CRNet: Convolutive Recurrent Network for Suspect Face Identification

Abstract

Identifying suspects in critical situations-particularly when they are wearing scarves, masks, or are in environments with light obstructions and concealed facial expressions-poses significant challenges. To address these issues, a method known as the Convolutive Recurrent Network (CRNet) for suspect face identification is proposed. CRNet utilises deep neural networks, specifically the Residual Network-50, leveraging a transfer learning approach for efficient feature extraction. In addition, Bidirectional Long Short-Term Memory (BiLSTM) layers are employed to capture spatial and recurrent features, with BiLSTM layers serving as the core component of the model. CRNet is designed to overcome the limitations of current models in managing complex situations, such as scarves, spectacles, high illumination, and varied expressions. CRNet fills this gap by integrating mechanisms that provide flexibility for ambiguous features and variable lighting conditions. Experimental and comparative analysis demonstrates that CRNet significantly outperforms existing methods, providing notable improvements in both accuracy and reliability.
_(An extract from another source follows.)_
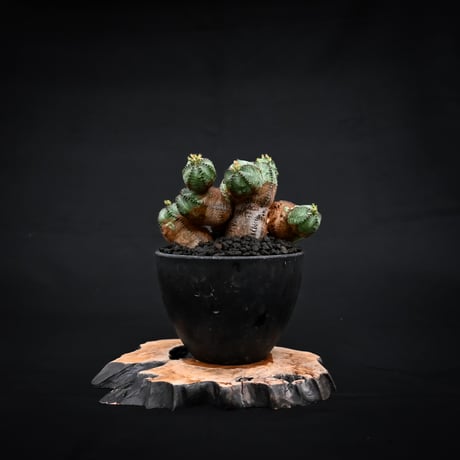 Euphorbia  'ObesaBlow' / ユーフォルビア オベサブロウ 【発根済】
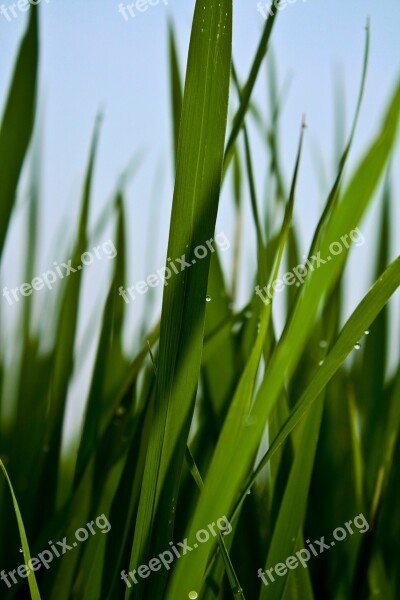 Green In Wheat Field Plant Free Photos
This approach introduces a rapid feature-learning method for precise suspect identification by integrating spatial dependencies, enhancing versatility across various computer vision domains. The model’s potential impact on criminal investigations is substantial due to its fast bidirectional feature processing. Experimental results demonstrate the robustness and adaptability of CRNet, achieving accuracy rates of 97.46% on the Extended Cohn-Kanade dataset, 98.08% on the Augmented Reality dataset, and 99.58% on the Extended Yale B dataset-substantially surpassing the baseline accuracy of 46.00%